Nearly 200 people crammed into the Unitarian Universalist church, and about the same number were turned away at the door by order of the fire marshal. U.S. Rep. Ben Ray Luján, D-N.M., and other panelists agreed to meet with the overflow crowd at a second session, attended by about 100 people.

Although Luján is steadfast in backing the public option — by which Americans would be able to purchase health insurance from a nonprofit company established by the government if they didn't like plans offered by private companies — the provision has run into trouble in the Senate. And over the weekend, the White House signaled that it might be backing away from the public option provision.

Unlike the raucous town-hall meetings disrupted by loud and angry protesters that have made national headlines in recent weeks, Monday's event was relatively sedate.

Perhaps one reason for this was that participants didn't directly question the panelists. Instead, they wrote out their questions in advance to be read by a moderator.

A large majority of those present at the first discussion applauded Luján when he stressed several times that he was in favor of a public option and when Luján and other panelists criticized insurance companies.

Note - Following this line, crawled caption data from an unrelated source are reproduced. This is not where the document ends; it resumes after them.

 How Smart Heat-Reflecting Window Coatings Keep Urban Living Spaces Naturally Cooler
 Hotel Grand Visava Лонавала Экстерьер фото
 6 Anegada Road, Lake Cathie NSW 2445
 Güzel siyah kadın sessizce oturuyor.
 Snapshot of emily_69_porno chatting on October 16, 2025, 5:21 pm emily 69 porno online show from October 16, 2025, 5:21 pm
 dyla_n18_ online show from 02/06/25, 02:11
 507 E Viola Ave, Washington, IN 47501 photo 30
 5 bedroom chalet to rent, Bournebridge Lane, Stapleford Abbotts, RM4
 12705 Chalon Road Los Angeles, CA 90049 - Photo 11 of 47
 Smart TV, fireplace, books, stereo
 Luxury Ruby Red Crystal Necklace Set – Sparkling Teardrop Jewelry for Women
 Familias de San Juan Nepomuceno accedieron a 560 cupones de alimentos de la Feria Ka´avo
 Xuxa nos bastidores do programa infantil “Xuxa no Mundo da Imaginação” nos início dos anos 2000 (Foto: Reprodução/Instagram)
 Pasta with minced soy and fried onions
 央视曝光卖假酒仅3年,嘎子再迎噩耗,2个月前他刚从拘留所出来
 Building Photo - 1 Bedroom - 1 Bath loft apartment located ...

"I see health care as a civil-rights issue," a woman told a reporter after the first discussion.

But several people scattered around the audience seemed more conservative. Luján was asked a question about establishing caps on the amount that could be awarded in malpractice suits. When he said tort reform wasn't part of any health care bill under consideration, some shouted, "Why not?"

When Luján quoted the Congressional Budget Office that the House health care bill would create a $6 billion surplus, one person said loudly, "That's a lie."

The nonpartisan Politifact fact-checking Web site last month criticized another Democratic congressman for making an identical claim. "Only when (the congressman) added some optimistic assumptions did the math work the way he claimed," the Web site said. "We find his claim False."

At a "town hall" meeting in Grand Junction, Colo., on Saturday, President Barack Obama said, "The public option, whether we have it or we don't have it, is not the entirety of health care reform. This is just one sliver of it, one aspect of it."

Last week at a meeting with state health officials and area health care providers, U.S. Sen. Jeff Bingaman, D-N.M., said a bill including a public option would be difficult to pass in the Senate. He said the idea of health care "co-ops" seems to be more palatable to moderate or conservative Democrats and some Republicans. "Frankly, (the co-op idea) gets you pretty much to the same place, the way I understand it," Bingaman said.

Bingaman is part of the so-called "Gang of Six, " a bipartisan group of Senate Finance Committee members trying to hammer out a national health care bill.

Bingaman said the main difference between a public option plan and a co-op is in the management structure. The idea behind both concepts, he said, is to provide alternatives when people buy their insurance.

However, many public option advocates say co-ops won't work. One objection is that co-ops would be too small to compete with the big insurance companies, especially in smaller states where, critics of the idea say, co-ops wouldn't be able to attract enough people to make them effective.